A friend of mine recently sent me some photos of various machine tools in a former tenant's workshop that is being cleared out. From what I can tell matching together different photos online, one of the machines there is a South Bend CL-145B in unknown operational condition.

As a person with occasional hands-on experience with machine tools like this and a mild interest in having one of my own for personal projects (and who has quite limited garage space available), I am trying to figure out if this is something that I can (or even should) try to transport home as a first lathe. There is a smaller bench-top lathe available too, but I haven't been able to get more information on that. Failing the full-sized machine, I will likely still be coming home with something either way. I'm in a townhome living arrangement with my own private garage, but plan on moving some time in the next few years, so this is going to have to be something that is manageable to break down and transport more than once. The mini benchtop lathe is probably the smarter idea for my situation, but... free full-size lathe. :drool5:

image0.jpg

Can these machines be readily separated into smaller parts for easy transport (in the back of a Toyota RAV4)? Readily meaning pulling the head, ways and pedestal off in one to three hours - as opposed to having to dismantle the entire geartrain and every other moving piece.

For the grand total of free-ninety-nine plus elbow grease and a folding shop crane, is this something I should even be considering - and if so, what things both in general and in particular to this machine should I be looking out for when making my final decision?

Also, what sort of power source are the motors in these machines typically wound for? 120V 1⌀? 240V 1⌀? 208~240/480V 3⌀? 240V three phase I've got a spare drive for, but a single-voltage 480V motor will be a pain right in the butt.

Sorry if this post is a little jumbled, sort of writing this in the middle of other things here. :)

Thanks in advance for any light you guys can shed on this for me.
 
Pretty sure you're looking at getting a trailer and 3-phase. They can be broken down, but they're still heavy even in pieces. A hoist of some kind will be required either way I think.
 
If that's a hump on base motor door, I'm thinking its a 13" South Bend.

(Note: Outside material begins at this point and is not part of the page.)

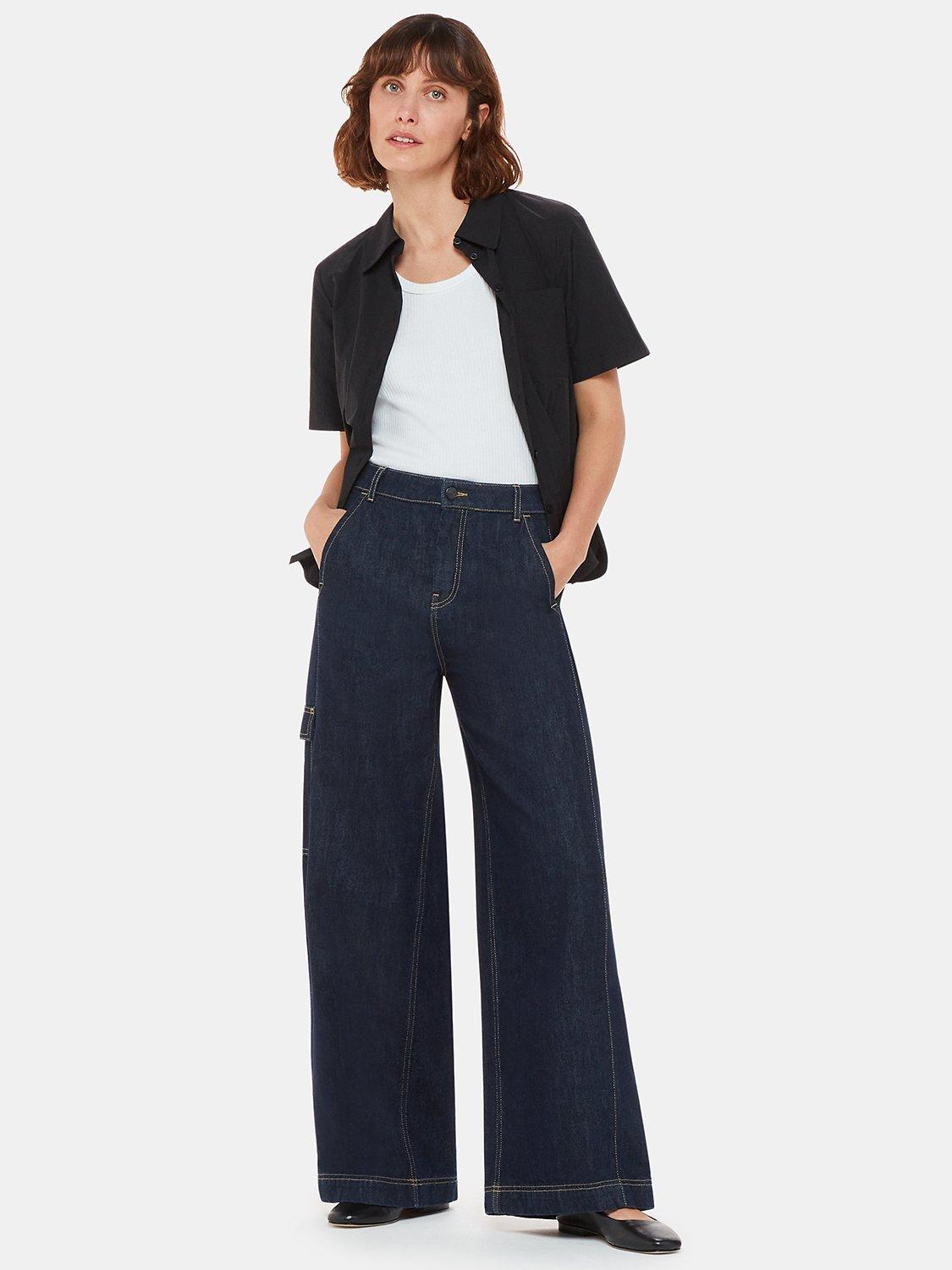 Product image 1 of 5, which shows Whistles Wide Leg Cargo Jeans, Dark Blue, 27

Probably in the vicinity on 2000 lbs total. A 16" is like 2600 lbs.

Yea it can come a part fairly quick, but I would say for a person who has taken one a part before. I'm guessing if you never touched one, but you were handy, 4 to 8 hours.

Tail stock you can lift by hand. The rest you would need something to help. A roll around, engine hoist comes to mind.

Electric is whatever motor someone put in. Could be single phase or 3 phase. Easy to change to whatever you want it to be.

I'd rent a pick up, and/or a trailer if you don't have one.
 
Thanks. Any ideas on what the disassembly process might look like or if there are any resources out there which could provide some insight on that? I imagine the pedestal should separate fairly easily given that a flat belt seems (?) to be the only moving part passing in or out. The geartrain on the head has got me more worried, as well as the carriage. How much of a pain in the butt do you figure those two might be?

If I can get each chunk down to no more than ~700lbs I might be able to get away with it. (1,000 lb vehicle load rating, 150lb driver, 150lb folding crane, reasonable distance to make multiple trips.)

If it's going to end up being more trouble than it's worth I might just settle for the little guy instead like I know I should. It's just so tempting, you know?

image1.jpg

Out of curiosity, any idea what I might be looking at here? I've asked my friend to get better photos that show a nameplate or a manufacturer's logo or anything, but he's the artsy type so I might not get that information until I'm standing in front of it.
 
Hey there, first post on this site.

A friend of mine recently sent me some photos of various machine tools in a former tenant's workshop that is being cleared out. From what I can tell matching together different photos online, one of the machines there is a South Bend CL-145B in unknown operational condition.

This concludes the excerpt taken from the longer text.